820.Short Encoding of Words¶

820.Short Encoding of Words¶

Tags: String Medium

Links: https://leetcode.com/problems/short-encoding-of-words/

Given a list of words, we may encode it by writing a reference string S and a list of indexes A.

For example, if the list of words is ["time", "me", "bell"], we can write it as S = "time#bell#" and indexes = [0, 2, 5].

Then for each index, we will recover the word by reading from the reference string from that index until we reach a "#" character.
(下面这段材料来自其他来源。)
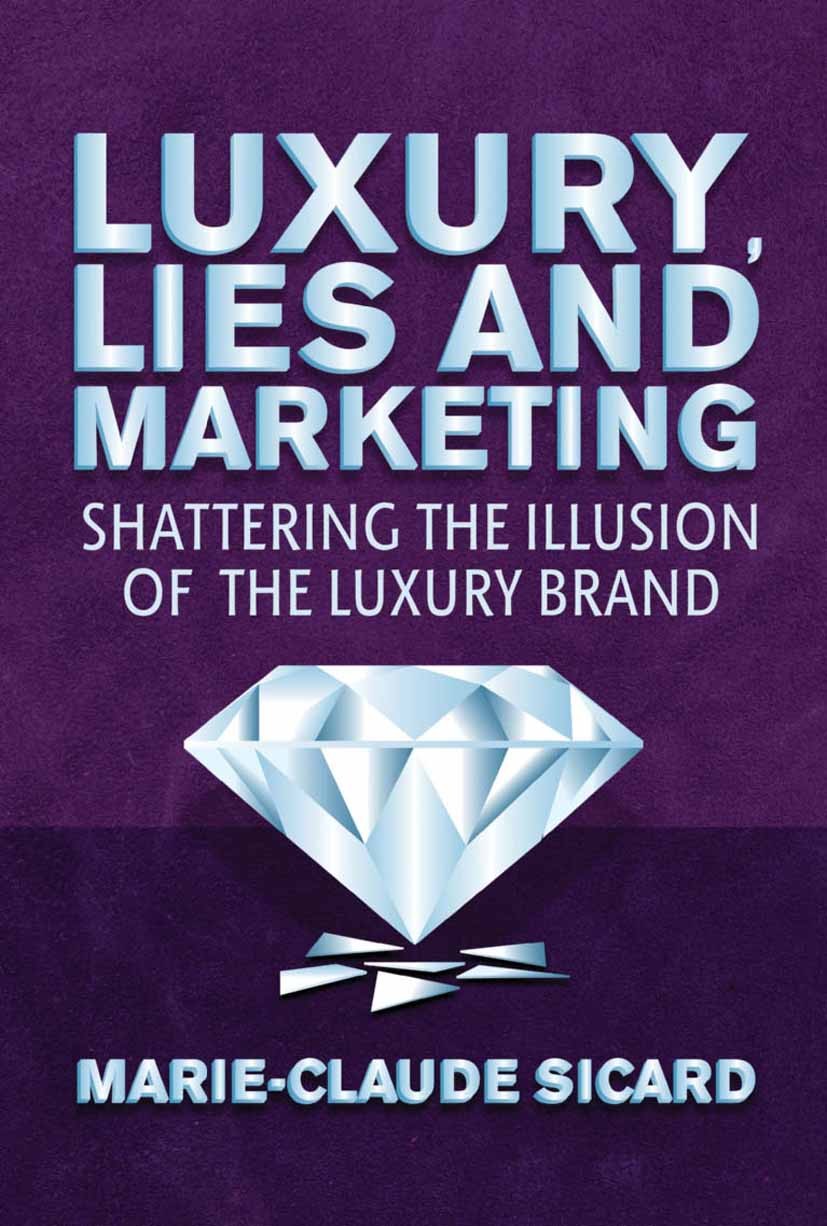 Titlebook: Luxury, Lies and Marketing; Shattering the Illus Marie-Claude Sicard Book 2013 Palgrave Macmillan, a division of Macmillan Publishers Limit Titlebook: Luxury, Lies and Marketing; Shattering the Illus Marie-Claude Sicard Book 2013 Palgrave Macmillan, a division of Macmillan Publishers Limit
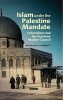 Islam Under the Palestine Mandate - Colonialism and the Supreme Muslim Council (Hardcover) - Nicholas E Roberts Photo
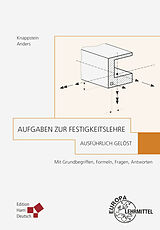 Kartonierter Einband Aufgaben zur Festigkeitslehre - ausführlich gelöst von Gerhard Knappstein, Denis Anders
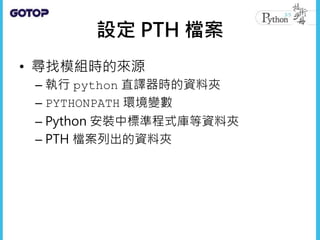 • 在一個 .pth 檔案中列出模組搜尋路徑
• PTH 檔案的位置，不同作業系統並不相同
• 可透過 site 模組的 getsitepackages()
函式取得
 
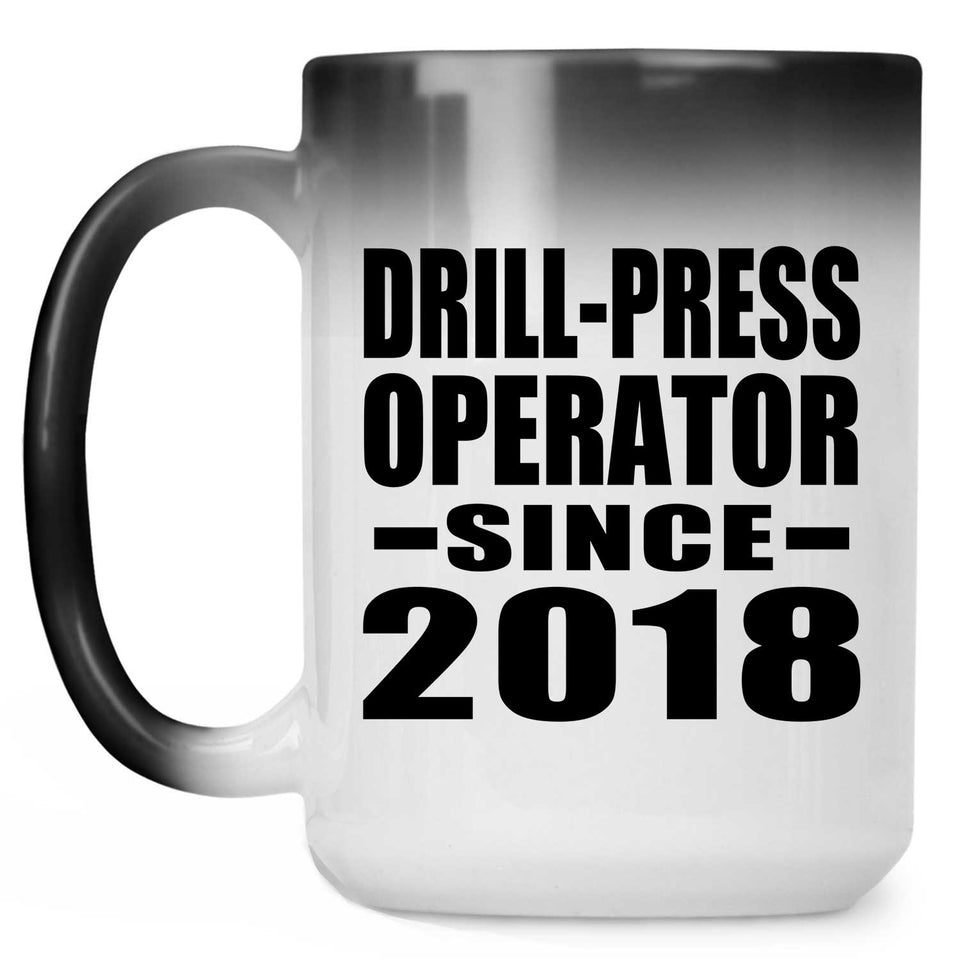 Drill-Press Operator Since 2018 - 15 Oz Color Changing Mug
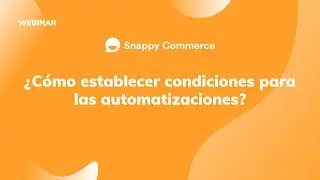 Webinar ¿Cómo establecer condiciones para las automatizaciones?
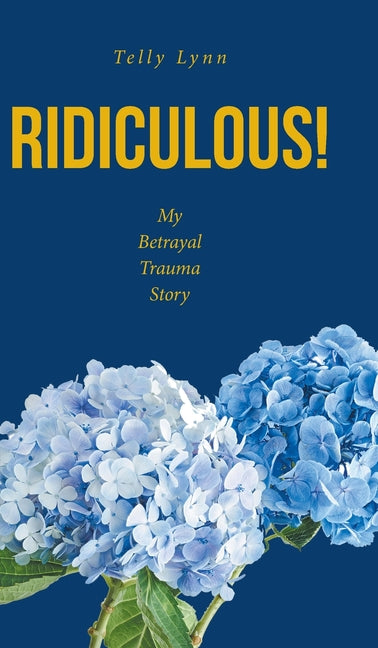 Ridiculous!: My Betrayal Trauma Story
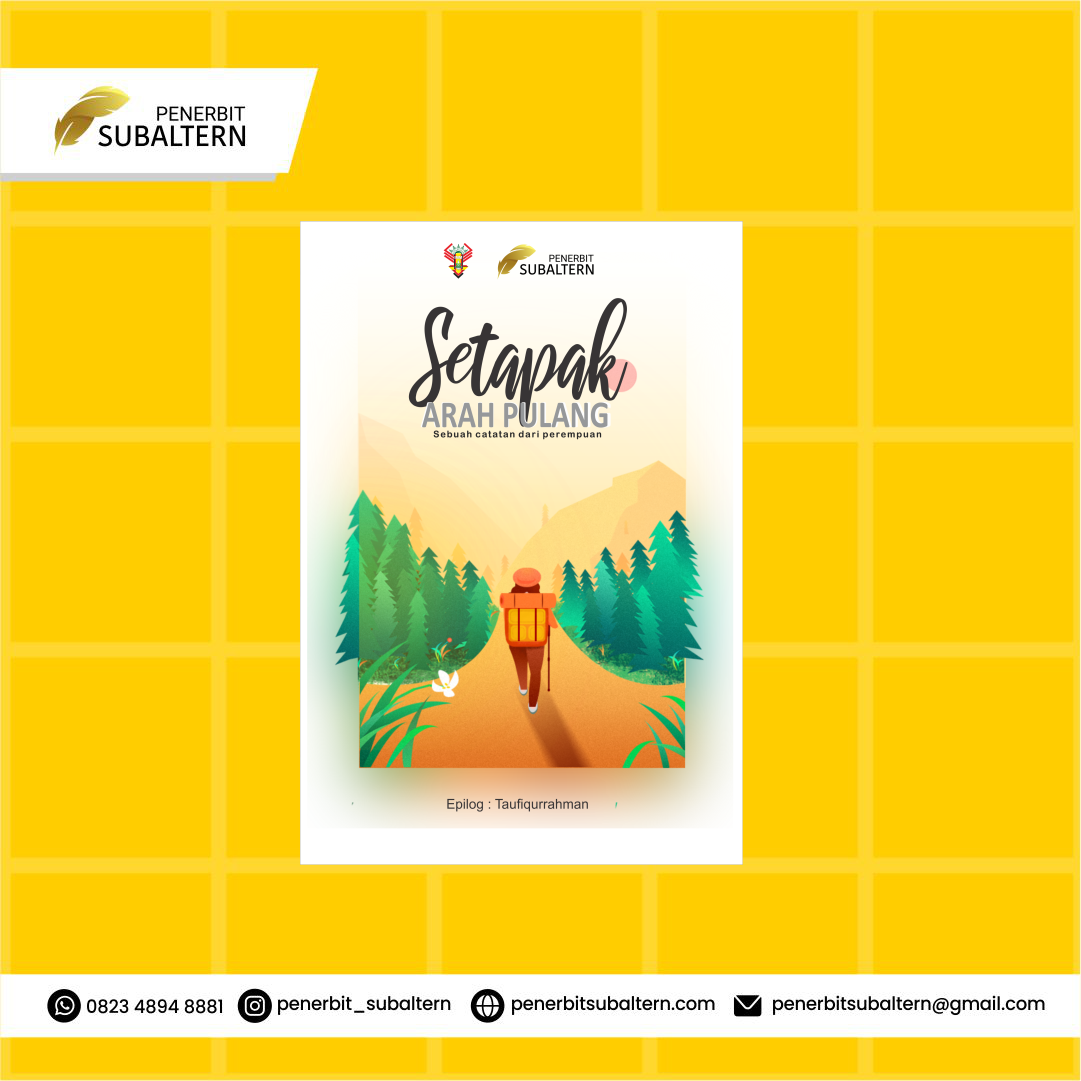Setapak Arah Pulang: Sebuah Catatan dari Perempuan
What is the length of the shortest reference string S possible that encodes the given words?

Example:

Input: words = ["time", "me", "bell"]
Output: 10
Explanation: S = "time#bell#" and indexes = [0, 2, 5].

Note:

1 <= words.length <= 2000.
1 <= words[i].length <= 7.
Each word has only lowercase letters.

class Solution {
public:
    int minimumLengthEncoding(vector<string>& words) {
        std::ios_base::sync_with_stdio(false);
        cin.tie(NULL);
        cout.tie(NULL);

        sort(words.begin(), words.end(), [](const auto & s1, const auto &s2){
            return s1.size() > s2.size();
        });    

        int n = words.size(); int pre = 0;
        vector<bool> used(n, false);
        vector<string> res;
        for (int i = 0; i < n; ++i) {
            if (!used[i]) {
                res.push_back(words[i]);
                used[i] = true;
                for (int j = i + 1; j < n; ++j) {
                    if (used[j]) continue;
                    int pos = words[i].size() - words[j].size();
                    if (words[i].substr(pos) == words[j]) {
                        used[j] = true;
                    }
                }
            }
        }
        int len = 0;
        for (const auto & e : res) len += e.size();
        len += res.size(); //每一个单词后面加上'#'

        return len;
    }
};

最初的暴力写法，将字符串按长度排序，长的排在前面，因为很显然，只有短的字符串可以是长的字符串的后缀，然后用一个标记数组去标记每个单词是否被用过了，时间复杂度 $O(n^2)$ 。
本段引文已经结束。